O prédio principal era dividido em três partes, interligadas por uma escadaria central - sala de estudos, refeitório e
dormitórios. No térreo, à esquerda, a sala de estudos, onde devíamos comparecer em duas ou mais ocasiões
diárias, para obviamente estudarmos as matérias que nos tinham sido dadas durante o dia. À noite, antes de
dormir, éramos obrigados a frequenta-la, mesmo que mortos de sono e despertados sempre pelos doloridos
petelecos na orelha que nos aplicava o Irmão Rui, quando flagrados dormindo – somente quem levou um de seus
petelecos pode avaliar seus efeitos para manter-nos acordados.
Defronte, o refeitório, onde, após as devidas preces, saboreávamos o melhor tutu de feijão que já comi em toda
minha vida, elaborado com esmero pelo Nelson, acompanhado de arroz, linguiça frita e farofa. Muitas vezes, deixei
de comer as linguiças para, sorrateiramente, após a sessão de estudos noturna, amarrá-la com arame na corda do
sino que ficava defronte à sala, e ir deitar-me assim, como quem não quer nada, deixando que os cães vadios que
sempre vinham à noite terminassem de fazer o serviço. E morria de rir quando, já madrugada, todo o colégio era
acordado pelo soar insistente do sino, padres correndo ainda em suas vestes de dormir, todos os alunos às janelas
e nada, o pátio deserto, sem que aparentemente alguém o houvesse tocado, já que os cães se evadiam com o
barulho – certamente obra dos fantasmas que, diziam, ali habitavam.

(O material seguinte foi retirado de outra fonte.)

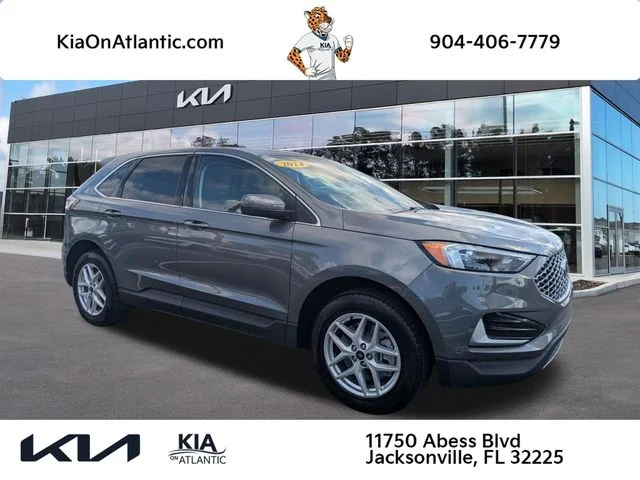 2024 Ford Edge SEL AWD's photo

No dormitório dos menores, à direita do prédio – à esquerda ficava o dos maiores e ao centro o dos médios enorme, com cerca de 100 outras, ocupava a quinta cama da segunda fileira, estrategicamente colocada defronte
à porta do banheiro, cama esta sempre mantida impecável, com lençol e fronha esticadinhos, sem rugas e o
cobertor dobrado aos pés. O piso era de madeira corrida e divertíamo-nos jogando bolas de gude no assoalho, à
noite, após o toque de recolher, ouvindo-as correndo e fazendo barulho que ecoava no grande salão, para
desespero de nosso Monitor, que não sabia quem as jogara e que, por não saber a quem culpar, colocava todos de
castigo, de pé ao lado da cama, sem podermos dormir.

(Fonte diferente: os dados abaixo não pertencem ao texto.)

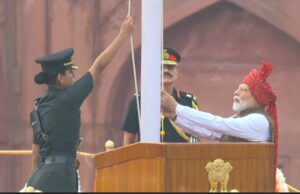 भारत ने मनाया 80वां स्वतंत्रता दिवस, PM मोदी ने बताई ‘शक्ति की सप्त धारा’, बोले : 2047 तक विकसित देश का लक्ष्य, पढ़ें व देखें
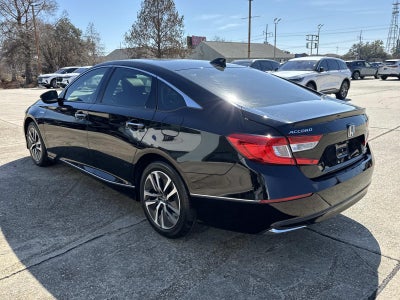 2020 Honda Accord Hybrid Touring Sedan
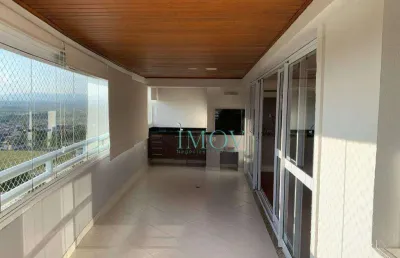 Apartamento à venda, 153 m² por r$ 1.900.000,00 - jardim aquarius - são josé dos campos/sp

Ali, tive os primeiros contatos com estes Mestres que consolidaram a reputação do Colégio e que tornaram tão
digna e nobre a profissão, pessoas que viram que seus misteres não eram somente os de transmitirem cultura,
conhecimentos, mas, sim, o de transmitir-nos algo indelével em nossos corações e mentes – Professores Humberto
Capai, Venâncio, Pastor Bernardes, Nize, Terezinha, Agostinho e Alcindo Paraguaçu e tantos outros, expoentes e
luminares de uma era grandiosa.
E, com o tempo passando, ocupado em construir represas e moinhos utilizando talos de mamoeiros no pequeno
regato que descia da parte superior em direção ao nível da piscina, em roubar bombas, pólvora e rojões da
fábrica logo acima do Colégio para enfrentar a turma brava da Boa Esperança, que detestava os internos do
Colégio, em assaltar ninhos de urubu com Chico Guiço, as brigas com travesseiro, as tardes de finais de semana
em que descíamos até a cidade, para as paqueras na praça e irmos ao cinema, assim chegamos a novembro, mês
de meu aniversário, ocasião em que recebi a visita de meus pais, que quase não me reconheceram, de tão sujo,
após quatro meses de pouquíssimos banhos nas gélidas águas dos chuveiros e sim, tão somente, alguns
esporádicos na piscina, agora finalmente cheia.
E, com o ano terminando, finalmente aprovado, em noite de gala, eis-me conduzido de braços dados com uma
normalista para a festa de formatura, no salão-nobre do Grêmio, apoteótico final para este pequeno período em
que vivi em Muqui, esta simpática e acolhedora cidade, tão próxima, tão distante, porém guardada eternamente em
minhas mais doces e queridas lembranças.